1

For returning a string out of a function, which of these two is more efficient (i.e. which one should I be using):

std::string f(const std::string& s)
{
    return s + "some text";
}

or

void f(const std::string& s, std::string &result)
{
    result = s + "some text";
}

I understand that maybe the answer depends on a particular compiler. But I want to know what the recommended approach (if there is one) is in a modern C++ code.

Based on "Lightness Races in Orbit" comment below, here are some related questions that I found on stackoverflow before I asked this question:

Are the days of passing const std::string & as a parameter over?

Passing std::string by Value or Reference

Pass by value or const reference?

"std::string" or "const std::string&" argument? (the argument is internally copied and modified)

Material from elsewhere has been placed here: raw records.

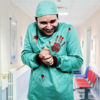 The Nightmare of Single-Payer Healthcare Healthcare-Horror-700x466-ea2ef61628a35c0e1da5f8d4848a92870335b79c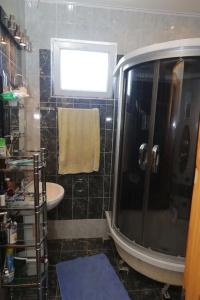 Guest House Caucasus - 30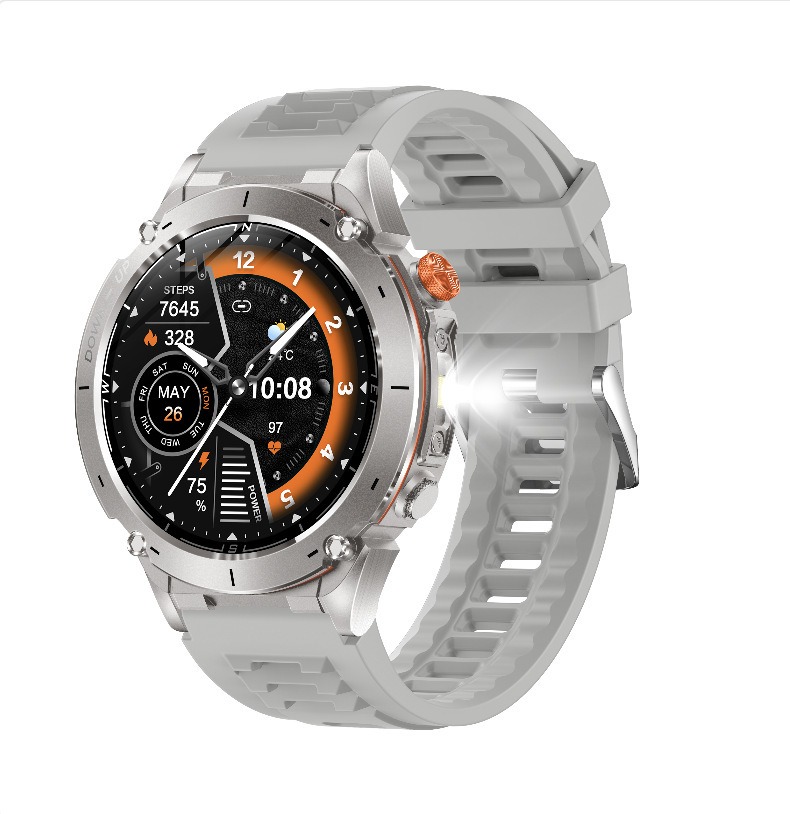 4562f52f be67 40cd af89 62dd586b5328.jpg 4562f52f be67 40cd af89 62dd586b5328.jpg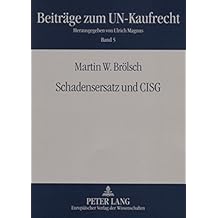 Suchergebnis Auf Amazonde Für Hamburg Gebraucht - 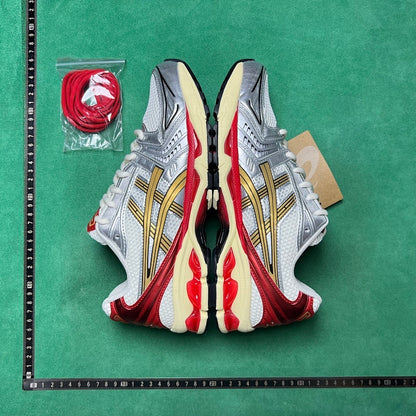 Asics Gel- KAYANO 14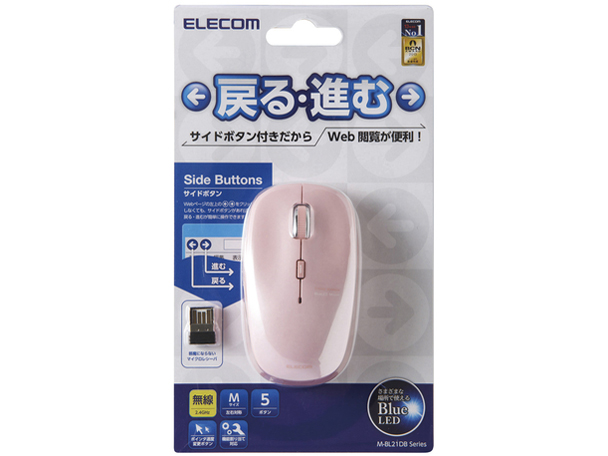 M-BL21DBPN [�s���N]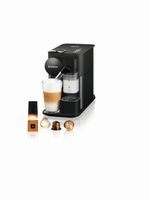 Nespresso Lattissima One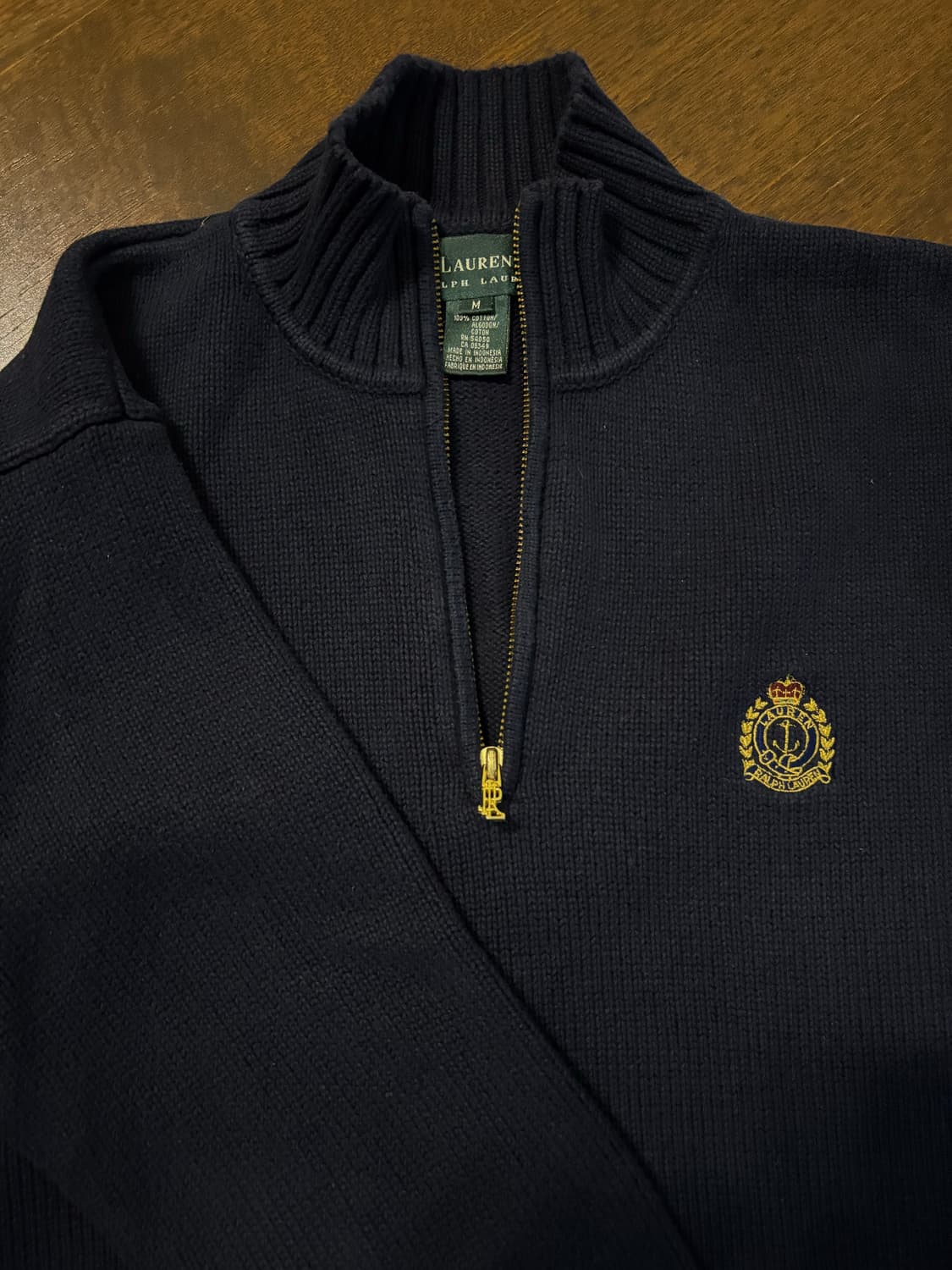 랄프로렌 상품이미지1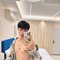 🇹🇭Toey patiphat🇹🇭 - Male escort in Riyadh Photo 4 of 10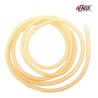 Hends EZ Body Tubing - Tube pour streamers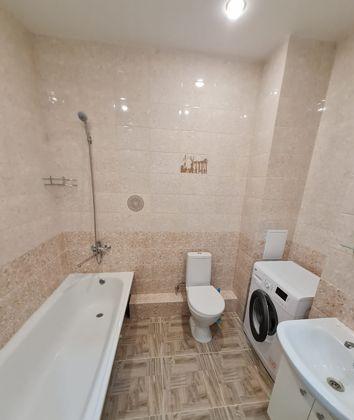 Продажа 1-комнатной квартиры, Краснодар, улица Героев-Разведчиков,  8к2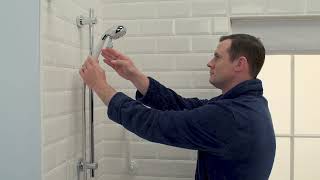 Carousel navigation image position 7 of 7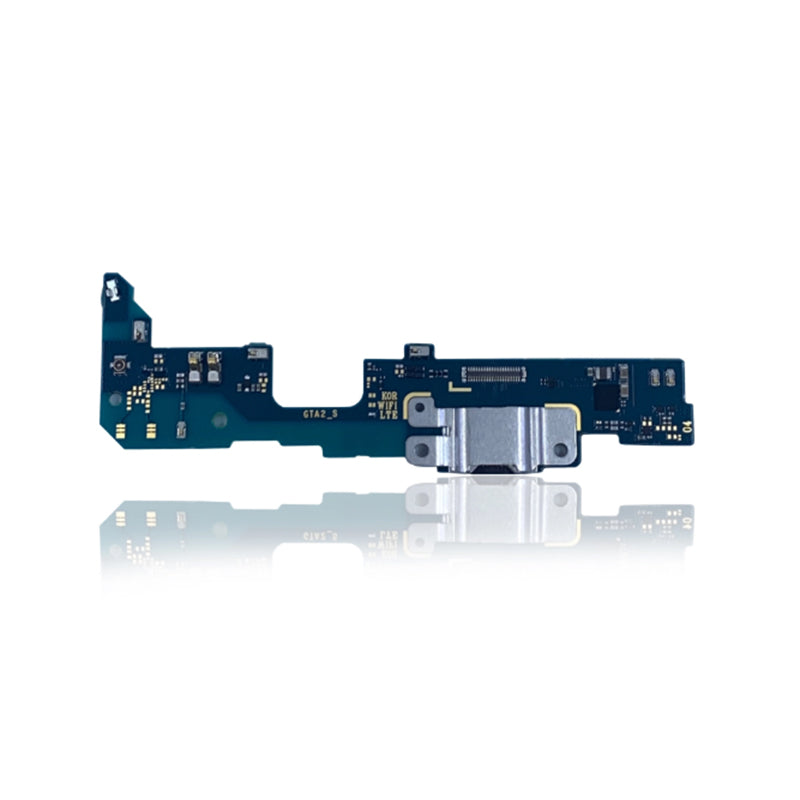 OEM Charging Port Board Replacement for Samsung Galaxy Tab A 8.0 (2017) T380 / T385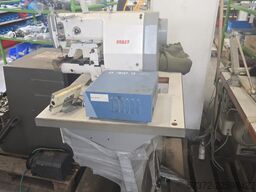 Pfaff 1183/563/134/463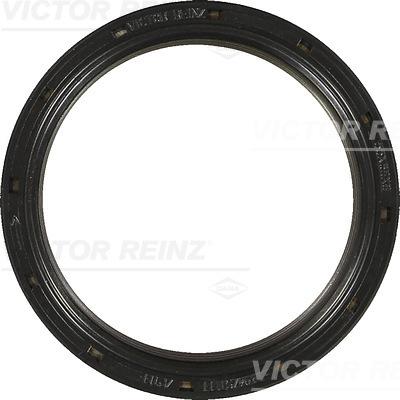 Victor Reinz 81-37002-00 - Уплотняющее кольцо, коленчатый вал autospares.lv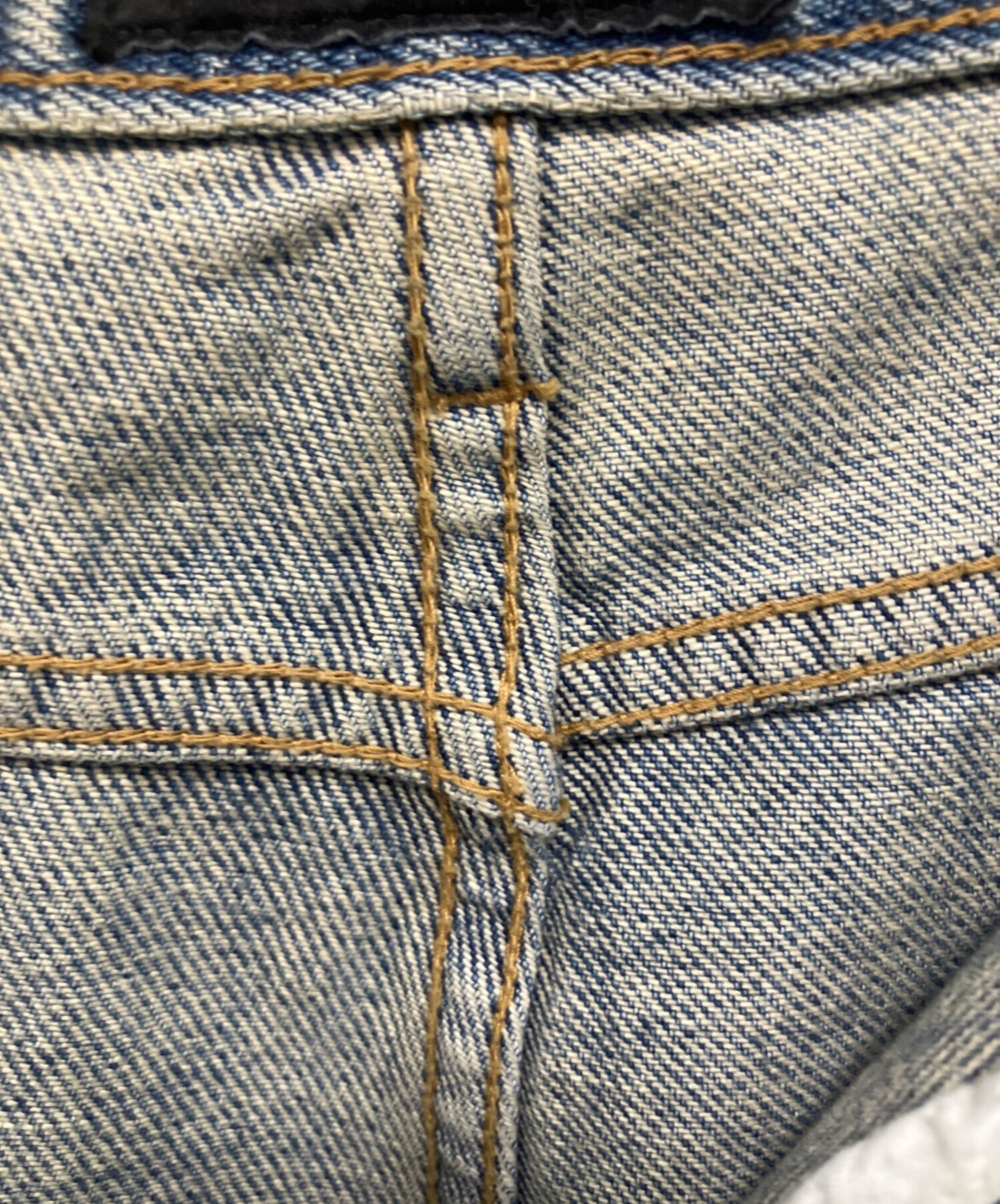 中古・古着通販】SKOOT HANDMEDOWNS (スクート ハンドミーダウンズ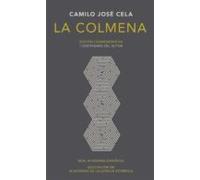 La Colmena (edición Conmemorativa De La Rae Y La Asale) (ebook)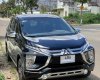 Mitsubishi Xpander 2021 - Số tự động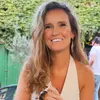 tamarabonte1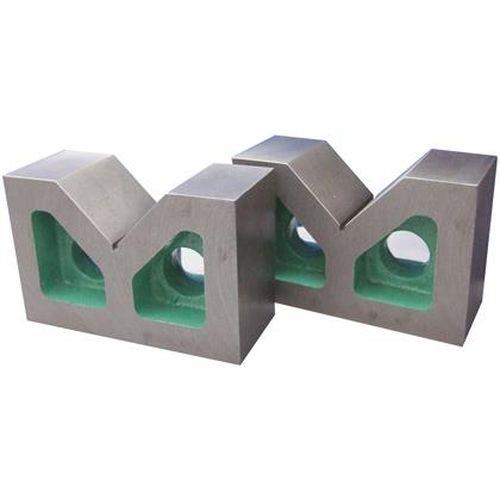 125x 80x 50mm VubN(B^E@B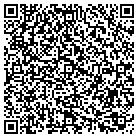 QR code with Appliance Repair-Lake County contacts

None of which answer my particular question regarding returning a value from a function versus returning the string as an extra argument.

Community
  • 1
  • 1
Ondřej Čertík
  • 780
  • 8
  • 18
  • 2
    C++11 return by value, cuz moved if not elided – IdeaHat Feb 07 '14 at 19:36
  • @LightnessRacesinOrbit, thank you for your feedback. I have updated the question with references to other answers on this site. – Ondřej Čertík Feb 07 '14 at 19:47
  • Um yes they do answer your question. – Lightness Races in Orbit Feb 07 '14 at 19:48
  • @LightnessRacesinOrbit --- is returning `std::string` from a function equivalent to returning `std::string` by *value* as an argument? If so, then they indeed do answer my question. But I though it is not equivalent. – Ondřej Čertík Feb 07 '14 at 19:52
  • 3
    What does `returning std::string by value as an argument` mean? – Lightness Races in Orbit Feb 07 '14 at 19:55
  • @MadScienceDreams Well, the picture is not so black and white, see my answer. – Ali Feb 07 '14 at 20:44
  • 1
    @LightnessRacesinOrbit Yes, the question was worded somewhat unfortunate but it is an interesting question! Please read my answer. – Ali Feb 07 '14 at 20:45
  • 1
    @Ali Your point is valid, but you should add at least a nod to "Premature optimization is the root of all evil". – IdeaHat Feb 07 '14 at 20:46
  • @LightnessRacesinOrbit, by `returning std::string by value as an argument` I mean `void f(std::string result)`, where the function returns the new string in `result`. In other words, assuming these two are the same, then my question becomes "is it better to use `void f(std::string result)` or `void f(std::string &result)` for return arguments" and that has indeed been answered. – Ondřej Čertík Feb 07 '14 at 20:59
  • 1
    @MadScienceDreams Not quite, please check my updated answer! – Ali Feb 07 '14 at 21:00
  • @LightnessRacesinOrbit, I just realized thanks to Ali and Michael below, that it is of course not equivalent, since you can't return the string by `f(std::string result)`. So I think my question hasn't yet been answered on stack overflow. But Ali has provided a great answer below. – Ondřej Čertík Feb 07 '14 at 21:16
  • @OndřejČertík: You can't "return" anything like that. If you want to send a value back to the calling scope, that's fine, but taking a copy ain't gonna help you there... – Lightness Races in Orbit Feb 08 '14 at 01:43

3 Answers3

6

Let me micro-optimize your second version of f() and call it g():

#include <cstdio>
#include <string>
using namespace std;

string f(const string& s) {
    return s + "some text";
}

void g(const string& s, string &result) {
    result.clear();
    result += s;
    result += "some text";
}

Now, let's compare the return by value approach f() to the "out-parameter" approach g().

Return by value:

int main(int argc, char* argv[]) {

    string s(argv[1]);

    for (int i=0; i<10; ++i) {

      string temp = f(s); // at least 1 memory allocation in each iteration, ouch!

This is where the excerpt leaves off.